◆ **What the task requires**
Output only an exact transcription of the line containing "ヴェゼル ハイブリッドＺ　バ" and all lines that follow it in the data below.

(Saved entries)
^^^^
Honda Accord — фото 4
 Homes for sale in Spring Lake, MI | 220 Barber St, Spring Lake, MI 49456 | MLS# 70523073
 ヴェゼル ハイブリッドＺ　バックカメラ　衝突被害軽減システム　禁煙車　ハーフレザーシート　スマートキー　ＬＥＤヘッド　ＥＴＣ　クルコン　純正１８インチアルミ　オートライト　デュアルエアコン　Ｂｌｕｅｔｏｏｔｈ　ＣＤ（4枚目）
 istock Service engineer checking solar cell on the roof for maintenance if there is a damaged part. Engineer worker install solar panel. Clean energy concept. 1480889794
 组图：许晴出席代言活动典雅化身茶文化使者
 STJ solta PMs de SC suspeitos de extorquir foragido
^^^^
◆ **Solution to this exercise**
 ヴェゼル ハイブリッドＺ　バックカメラ　衝突被害軽減システム　禁煙車　ハーフレザーシート　スマートキー　ＬＥＤヘッド　ＥＴＣ　クルコン　純正１８インチアルミ　オートライト　デュアルエアコン　Ｂｌｕｅｔｏｏｔｈ　ＣＤ（4枚目）
 istock Service engineer checking solar cell on the roof for maintenance if there is a damaged part. Engineer worker install solar panel. Clean energy concept. 1480889794
 组图：许晴出席代言活动典雅化身茶文化使者
 STJ solta PMs de SC suspeitos de extorquir foragido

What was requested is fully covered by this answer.